*** Block opens ***
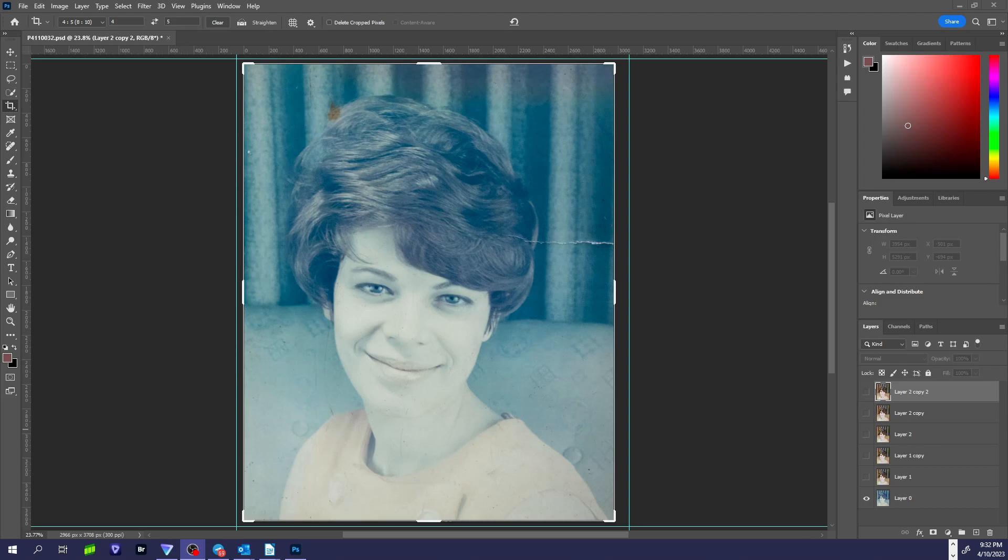I was actually able to take a photo of it and then bring it into Photoshop. This is what it looked like straight out of the camera. So I started doing some restoration techniques on it — here I restored some of the color, and then I removed some of the scratches and blemishes.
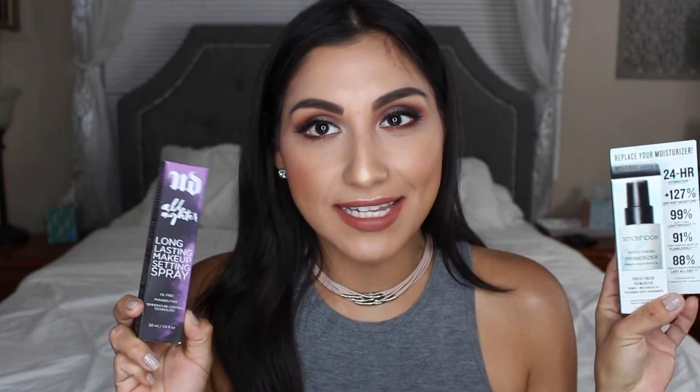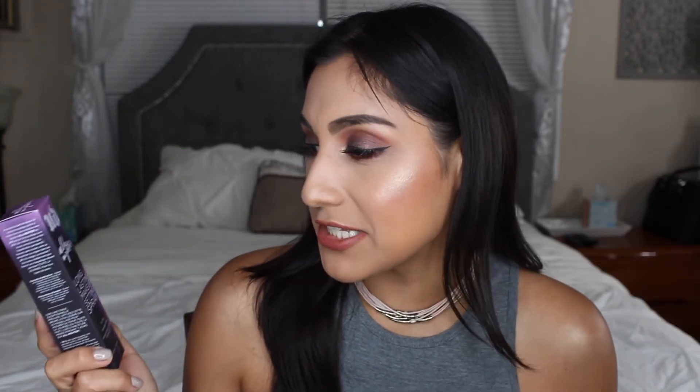I realized just a little while ago that I definitely went in on primers and setting sprays. The other product I purchased is the Urban Decay All Nighter long-lasting makeup setting spray. This is super important in my opinion — you want your makeup to last all day. And if you are freelancing, you want your client's makeup to last all day without worrying it's going to rub off or come off. So I figured I would purchase this and I can't wait to try it.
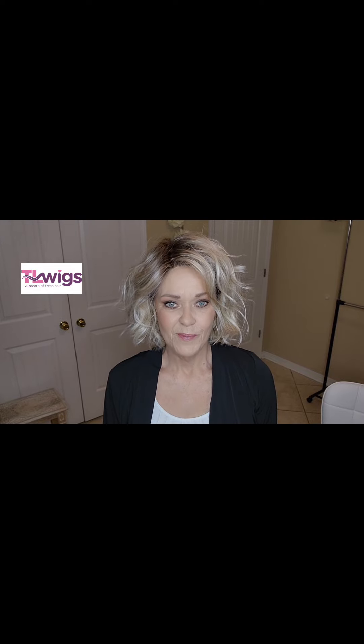Hi everybody, my name is Alicia. Welcome to my channel. I'm with TL Wigs, and the name of my channel is Pretty Wigs Please. Today I'm going to be showing you Bon Bon by Belle Tress in the color Butterbeer Blonde.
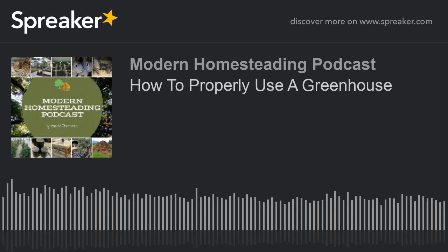Hello and welcome to the Modern Homesteading Podcast. I'm your host Harold Thornbrough, and I'm glad you're joining me today. This is episode 87, June 1st, 2018, and today we're going to talk about how to properly use a greenhouse.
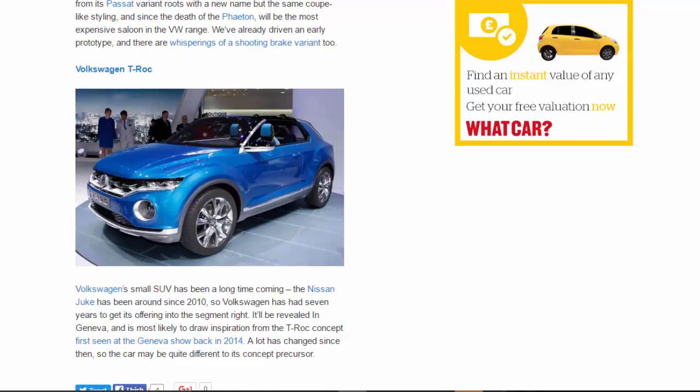Volkswagen T-Roc: Volkswagen's small SUV has been a long time coming. The Nissan Juke has been around since 2010, so Volkswagen has had seven years to get its offering into the segment right. It'll be revealed in Geneva and is most likely to draw inspiration from the T-Roc concept first seen at the Geneva show back in 2014, though a lot has changed since then, so the car may be quite different to its concept precursor.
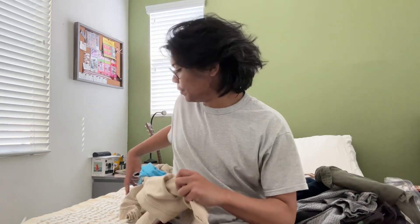As you can see, I have a bunch of clothes on my bed because I'm going to do a thrift haul. I think this is for spring because I don't really have a lot of clothes for hot weather — I basically have a bunch of long sleeve t-shirts. I'm going to get started right now.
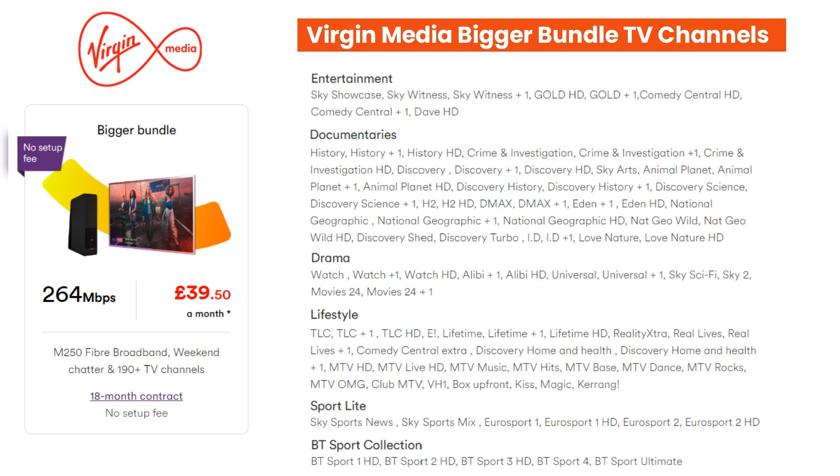This offer currently comes with free setup which saves you a £35 setup fee. A link to this package and all other Virgin Media broadband and TV packages can be found in the description.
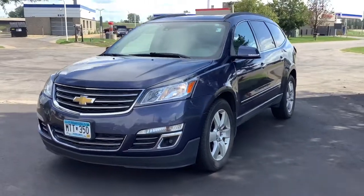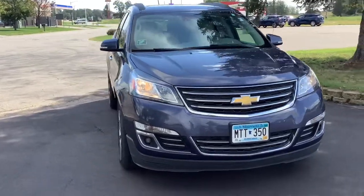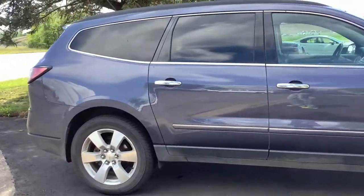Picture yourself in the 2014 Chevrolet Traverse. With less than 110,000 miles on the odometer, this vehicle provides excellent value. The Traverse is your calm, capable refuge in a hectic world.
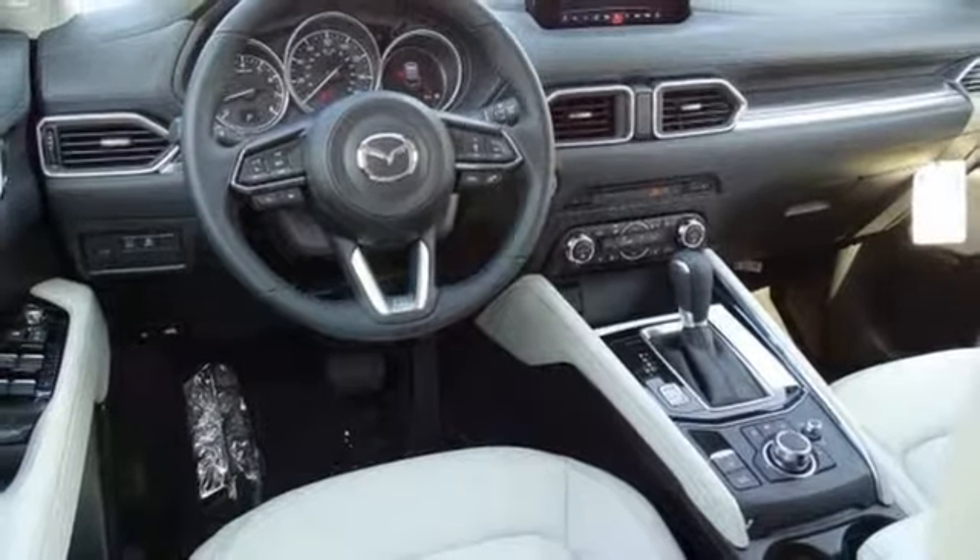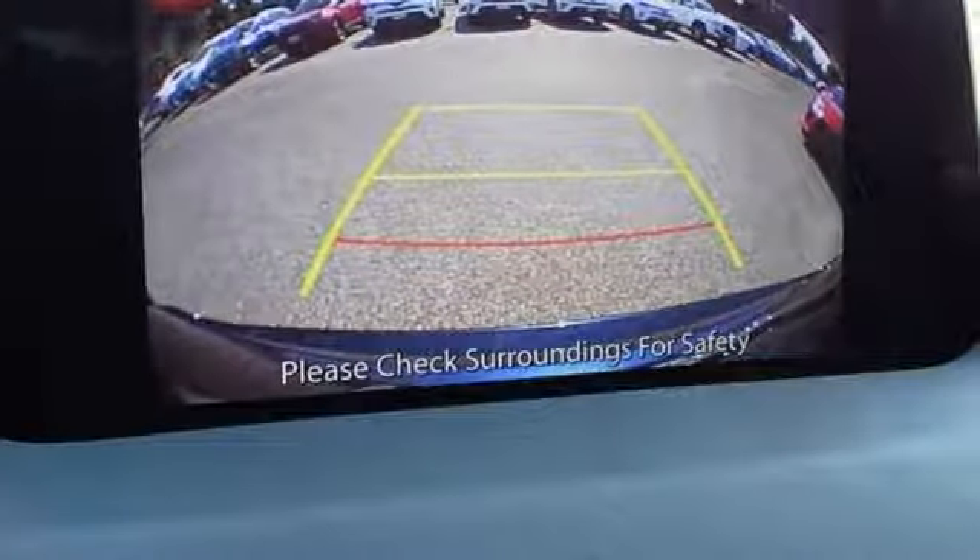It also has Mazda Connect infotainment system and rain-sensing wipers. Come in today for a closer look.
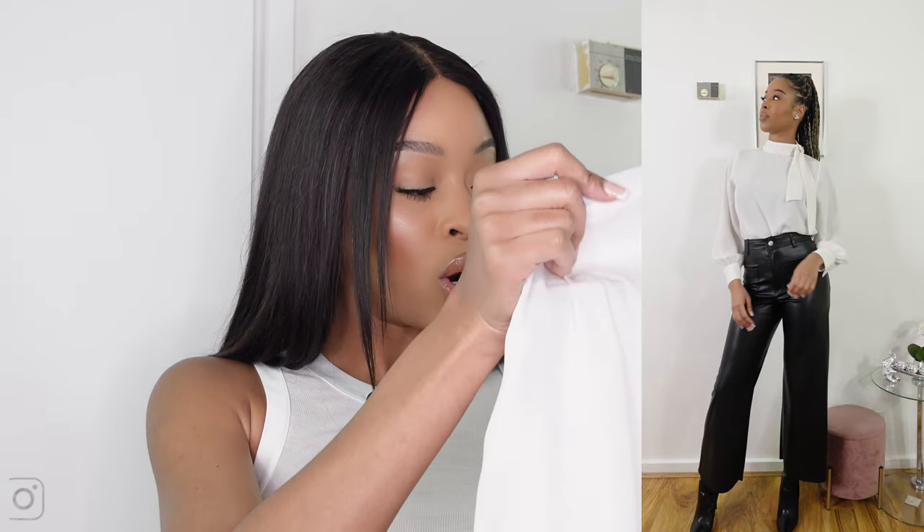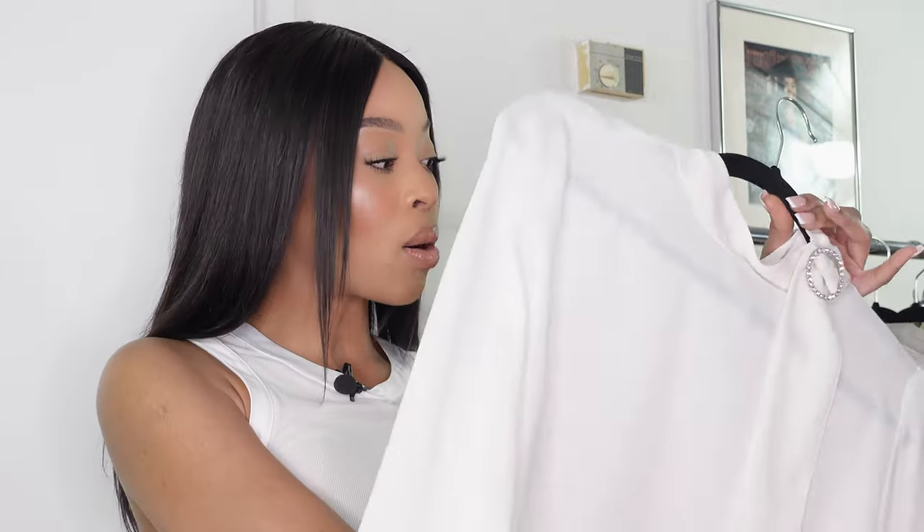I saw someone at work wearing this blouse and instantly asked where she got it — she said Zara, and I knew I had to have it. I love the detailing on it. It's something I could wear to a dinner date, afternoon tea, brunch, or lunch with the girls — pair it with trousers or jeans, maybe some kitten heels or chunky heels. The material is really thin, so you'd need a nice black bra underneath, but it's absolutely gorgeous. I got mine in a small and it was also £26.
*** Block closes ***
* What the exercise asks
Make an exact copy of the listing. Leave its pictures out.

* Response area
I was actually able to take a photo of it and then bring it into Photoshop. This is what it looked like straight out of the camera. So I started doing some restoration techniques on it — here I restored some of the color, and then I removed some of the scratches and blemishes.
I realized just a little while ago that I definitely went in on primers and setting sprays. The other product I purchased is the Urban Decay All Nighter long-lasting makeup setting spray. This is super important in my opinion — you want your makeup to last all day. And if you are freelancing, you want your client's makeup to last all day without worrying it's going to rub off or come off. So I figured I would purchase this and I can't wait to try it.
Hi everybody, my name is Alicia. Welcome to my channel. I'm with TL Wigs, and the name of my channel is Pretty Wigs Please. Today I'm going to be showing you Bon Bon by Belle Tress in the color Butterbeer Blonde.
Hello and welcome to the Modern Homesteading Podcast. I'm your host Harold Thornbrough, and I'm glad you're joining me today. This is episode 87, June 1st, 2018, and today we're going to talk about how to properly use a greenhouse.
Volkswagen T-Roc: Volkswagen's small SUV has been a long time coming. The Nissan Juke has been around since 2010, so Volkswagen has had seven years to get its offering into the segment right. It'll be revealed in Geneva and is most likely to draw inspiration from the T-Roc concept first seen at the Geneva show back in 2014, though a lot has changed since then, so the car may be quite different to its concept precursor.
As you can see, I have a bunch of clothes on my bed because I'm going to do a thrift haul. I think this is for spring because I don't really have a lot of clothes for hot weather — I basically have a bunch of long sleeve t-shirts. I'm going to get started right now.
This offer currently comes with free setup which saves you a £35 setup fee. A link to this package and all other Virgin Media broadband and TV packages can be found in the description.
Picture yourself in the 2014 Chevrolet Traverse. With less than 110,000 miles on the odometer, this vehicle provides excellent value. The Traverse is your calm, capable refuge in a hectic world.
It also has Mazda Connect infotainment system and rain-sensing wipers. Come in today for a closer look.
I saw someone at work wearing this blouse and instantly asked where she got it — she said Zara, and I knew I had to have it. I love the detailing on it. It's something I could wear to a dinner date, afternoon tea, brunch, or lunch with the girls — pair it with trousers or jeans, maybe some kitten heels or chunky heels. The material is really thin, so you'd need a nice black bra underneath, but it's absolutely gorgeous. I got mine in a small and it was also £26.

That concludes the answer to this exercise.